Concept Introduction:

Refer to sub-part (a).

Answer to Problem 20.40P

The ${\text{K}}_{\text{a}}$ value for conjugate acid of cyanide ion is $\text{4}\text{.8}\times {10}^{-10}\text{ M}$.

Explanation of Solution

Given: ${\text{CN}}^{\text{-}}\Rightarrow {\text{K}}_{\text{b}}\text{ = 2}\text{.1}\times {\text{10}}^{\text{-5}}\text{ M}$

    ${\text{CN}}^{\text{-}}{\text{+ H}}^{\text{+}}\rightleftharpoons \text{HCN}$

The conjugate acid of given base is $\text{HCN}$.

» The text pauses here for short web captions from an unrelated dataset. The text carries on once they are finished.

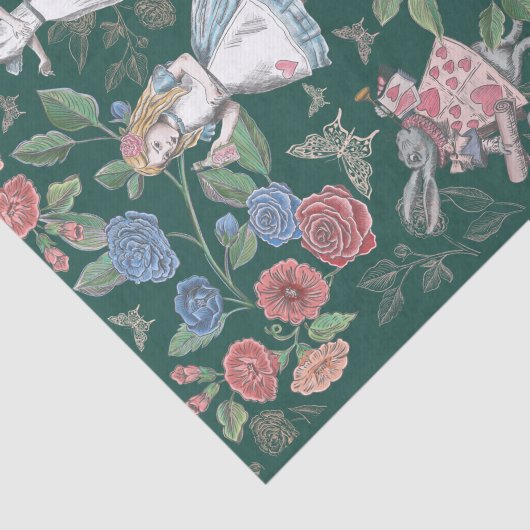 Alice in Wonderland Collage Decoupage Green Tissuepapier (Detail)
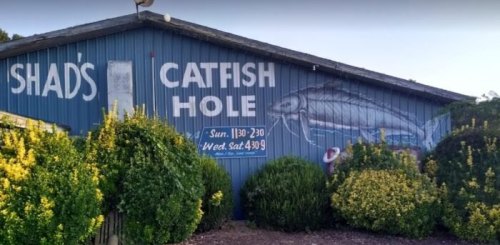 A blue building with a mural of a catfish and a sign for Shad's Catfish Hole, listing hours of operation.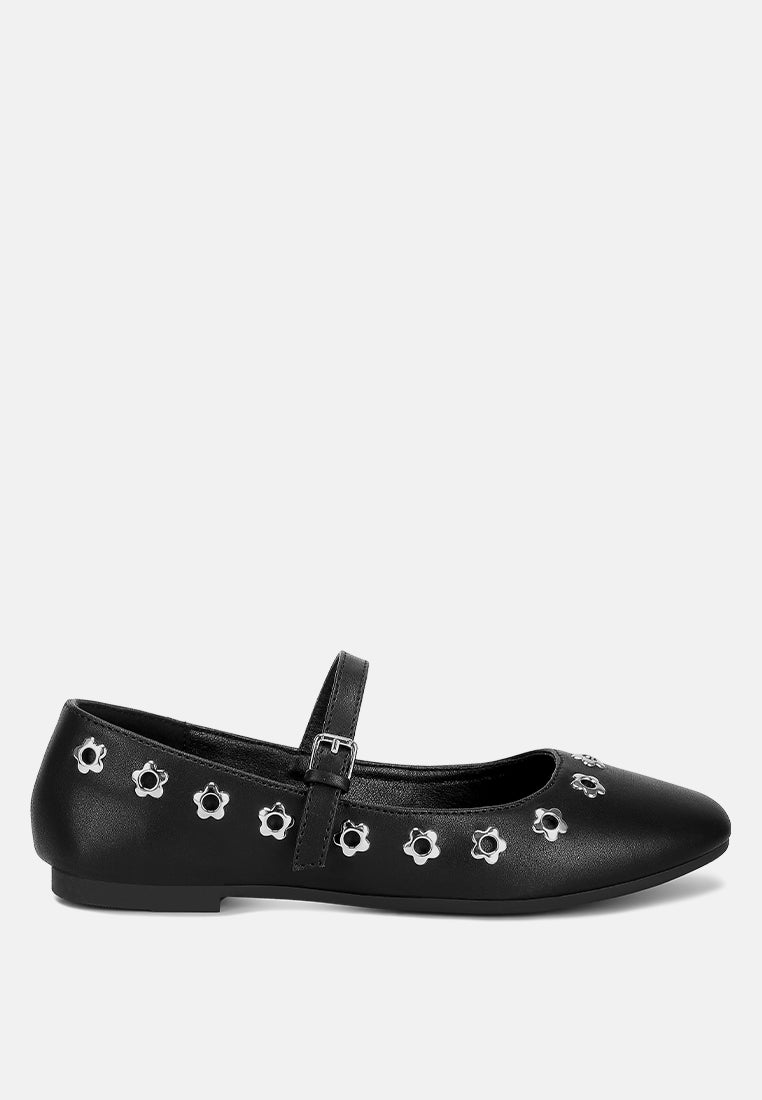 floral eyelet strapped ballerinas by ruw #color_black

The ${\text{K}}_{\text{a}}$ value of $\text{HCN}$ is shown as follows,

    $\begin{array}{c}{K}_W=K_a\cdot K_b\\ 1.00\times {10}^{-14}\text{ M}=\text{ 2}\text{.1}\times {\text{10}}^{\text{-5}}\text{ M}\times K_a\\ K_a=\frac{1.00\times {10}^{-14}\text{ M}}{\text{2}\text{.1}\times {\text{10}}^{\text{-5}}\text{ M}}\\ =\text{ 4}\text{.8}\times {10}^{-10}\text{ M}\end{array}$

(c)

Interpretation Introduction

Interpretation:

The ${\text{K}}_{\text{a}}$ value for conjugate acid of hydroxylamine has to be calculated.

Concept Introduction:

Refer to sub-part (a).

Answer to Problem 20.40P

The ${\text{K}}_{\text{a}}$ value for conjugate acid of hydroxylamine is $\text{1}\text{.1}\times {10}^{-6}\text{ M}$.

Explanation of Solution

Given: ${\text{NH}}_{\text{2}}\text{OH}\Rightarrow {\text{K}}_{\text{b}}\text{ = 8}\text{.7}\times {\text{10}}^{\text{-9}}\text{ M}$

    ${\text{NH}}_{\text{2}}{\text{OH+ H}}^{\text{+}}\rightleftharpoons {\text{NH}}_{\text{3}}{\text{OH}}^{\text{+}}$

The conjugate acid of given base is ${\text{NH}}_{\text{3}}{\text{OH}}^{\text{+}}$.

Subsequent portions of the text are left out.